» **WORK TASK**: Without the pictures, set down exactly the lines from the one that contains "Urban classics Dames" to the end of the entries, both included, and nothing besides.

[Short text fragments from websites]
==*==
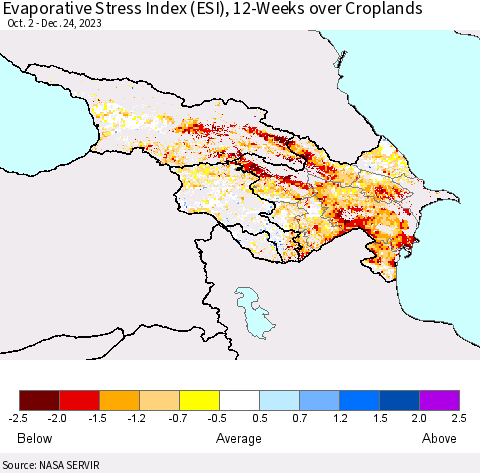 Azerbaijan, Armenia and Georgia Evaporative Stress Index (ESI), 12-Weeks over Croplands Thematic Map For 12/18/2023 - 12/24/2023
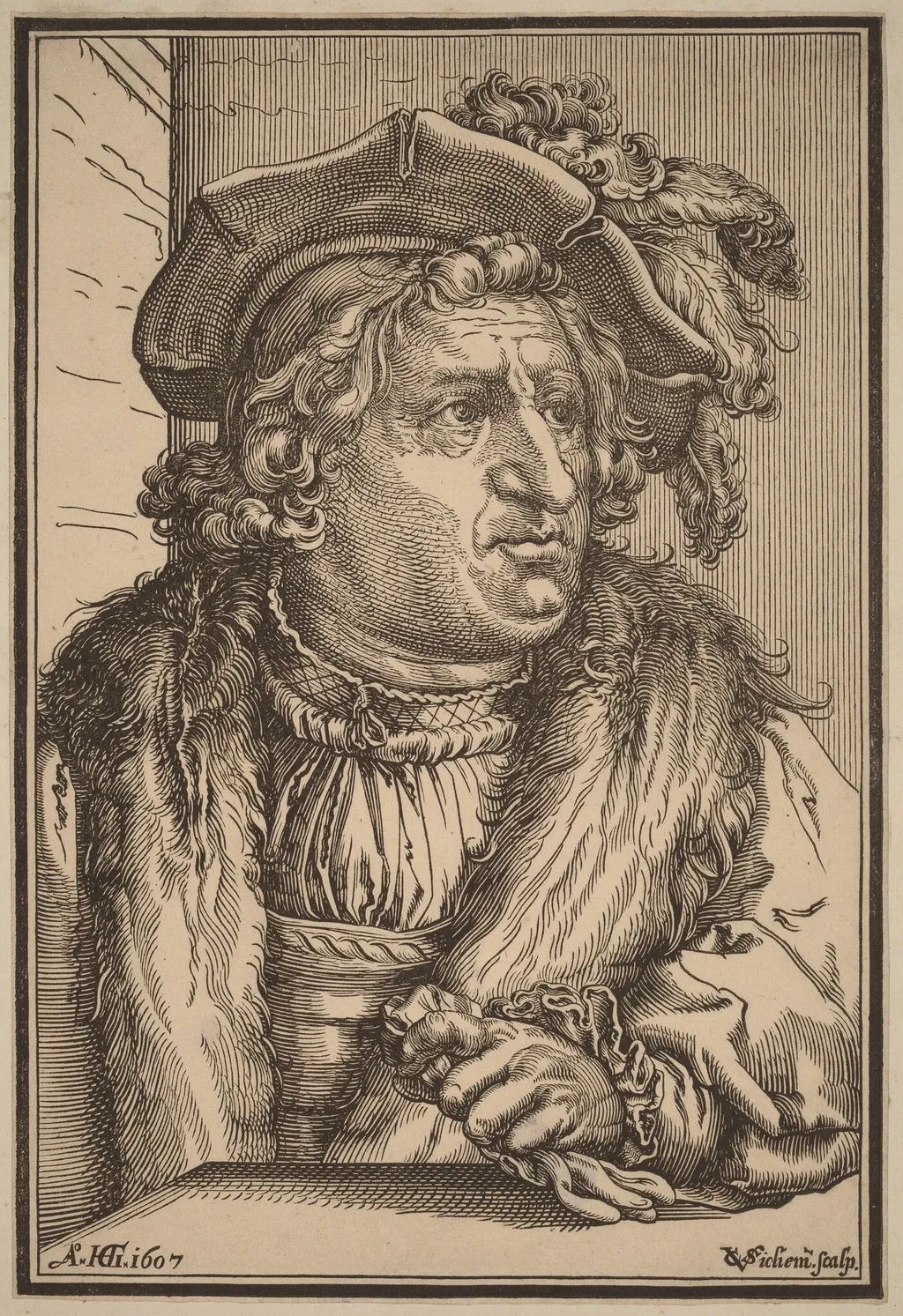 Man with a Plumed Cap, by Christoffel van Sichem I, ink, 1607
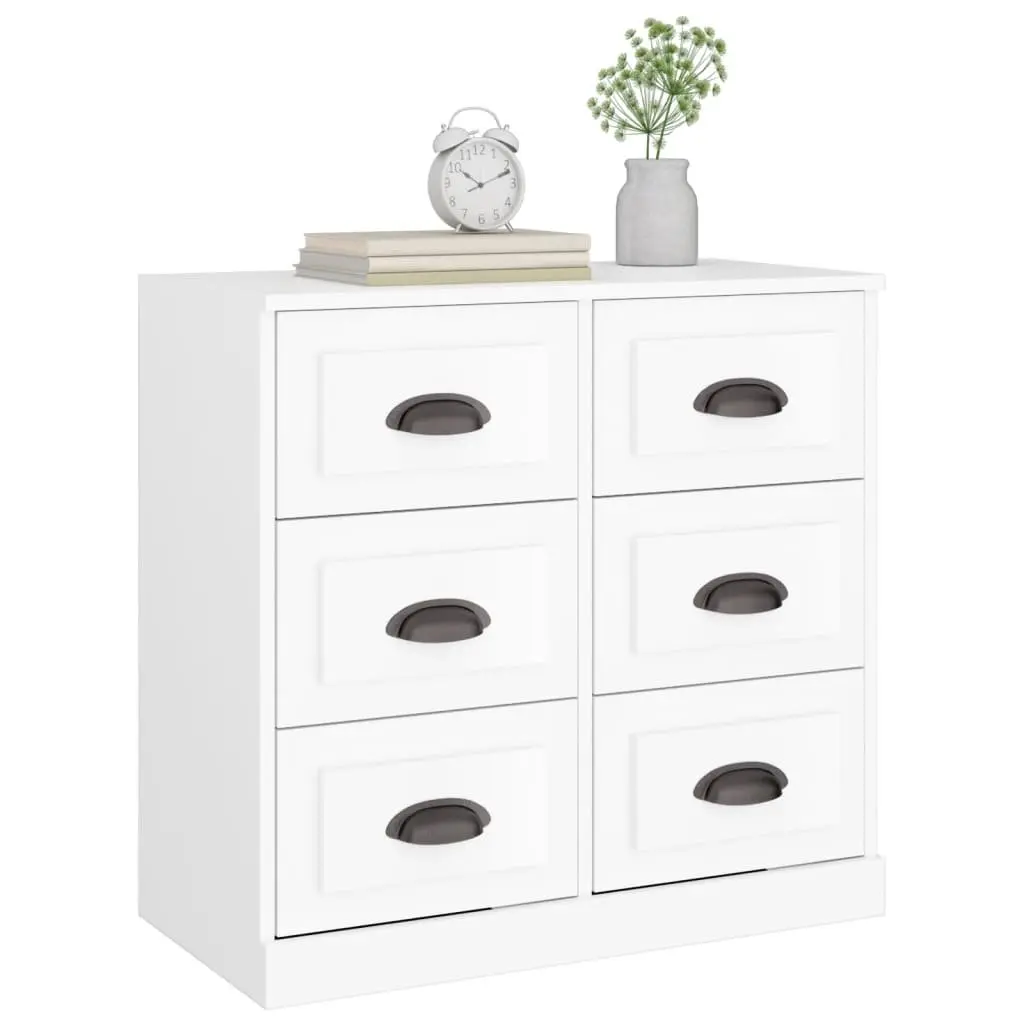 Sideboard Storage Cabinet Engineered Wood Living Room Furniture 70 x 35.5 x 67.5 cm White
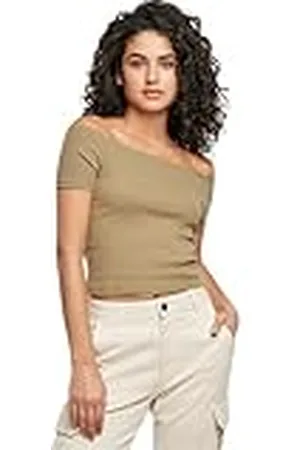 Urban classics Dames Dames Off Shoulder Rib Tee T-shirt, , XL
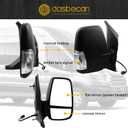 Dasbecan Right Passenger Side Mirror Replacement Compatible with 2015-2025 Ford Transit 150 250 350 Manual Folding, Power Heated, Turn Light, Convex Mirror Matte Black Short Arm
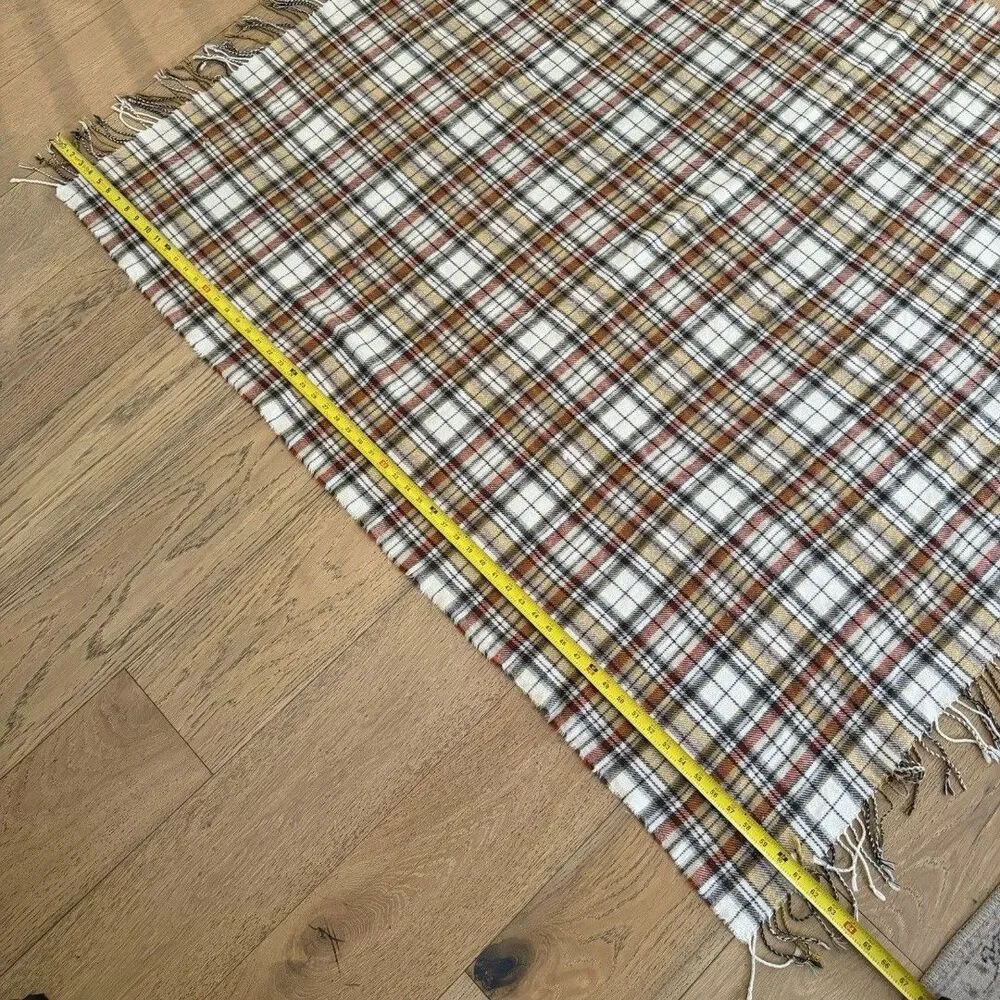 Pottery Barn Plaid Throw Blanket Yellow Brown Cream Fringe 50x60 Fall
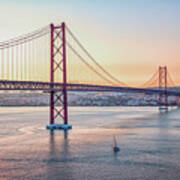 25 De Abril Bridge Art Print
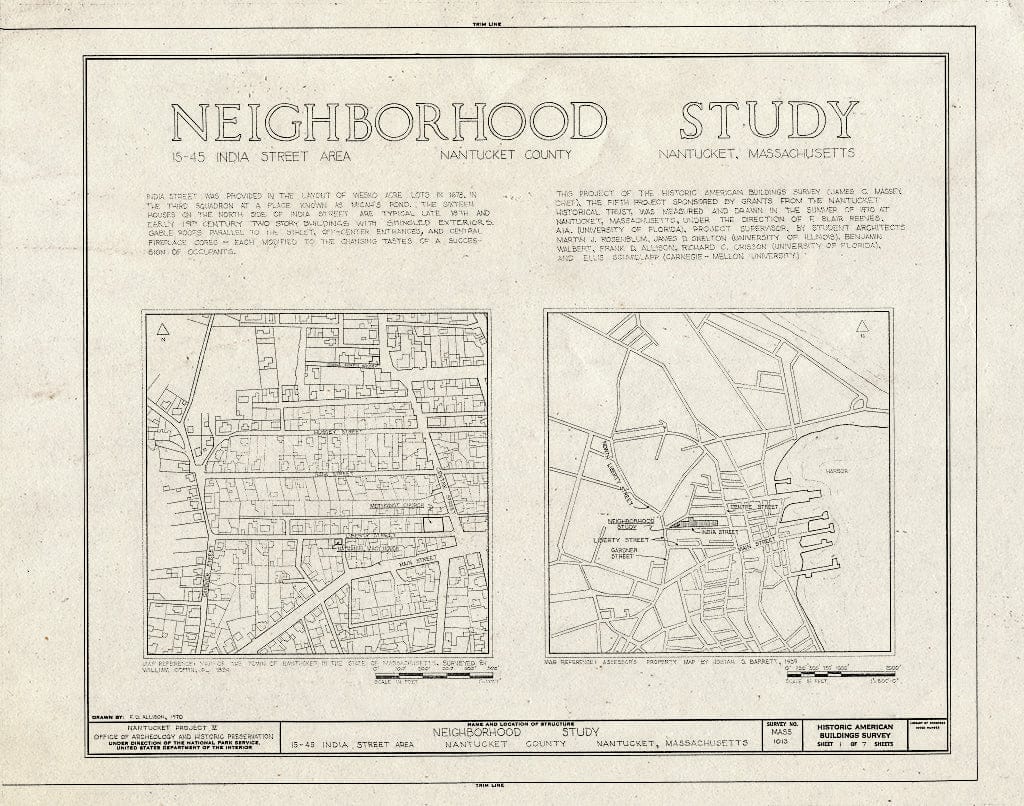 Blueprint HABS Mass,10-NANT,75- (Sheet 1 of 7) - India Street Neighborhood Study, 15-45 India Street, Nantucket, Nantucket County, MA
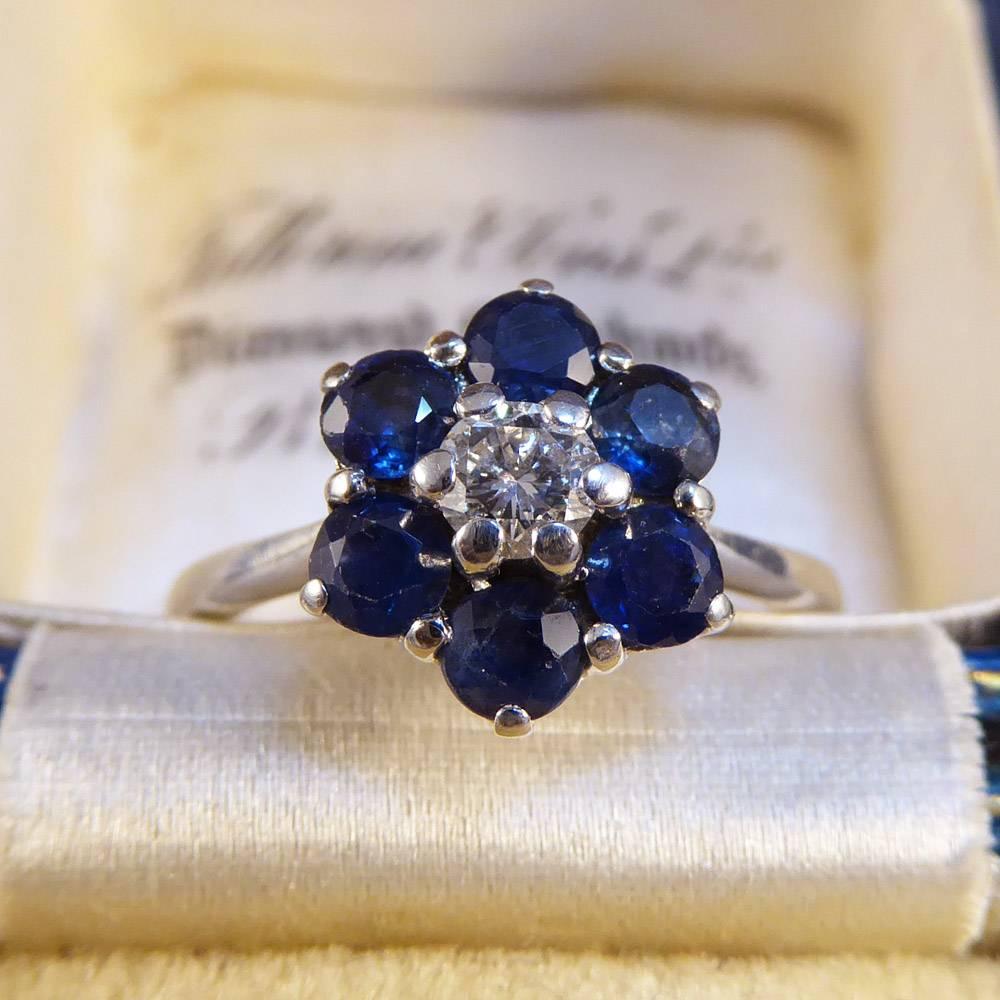 Graff Sapphire and Diamond Cluster 18 Carat White Gold Ring 6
==*==
» **RESULT OF THIS EXERCISE**:
 Urban classics Dames Dames Off Shoulder Rib Tee T-shirt, , XL
 Dasbecan Right Passenger Side Mirror Replacement Compatible with 2015-2025 Ford Transit 150 250 350 Manual Folding, Power Heated, Turn Light, Convex Mirror Matte Black Short Arm
 Pottery Barn Plaid Throw Blanket Yellow Brown Cream Fringe 50x60 Fall
 25 De Abril Bridge Art Print
 Blueprint HABS Mass,10-NANT,75- (Sheet 1 of 7) - India Street Neighborhood Study, 15-45 India Street, Nantucket, Nantucket County, MA
 Graff Sapphire and Diamond Cluster 18 Carat White Gold Ring 6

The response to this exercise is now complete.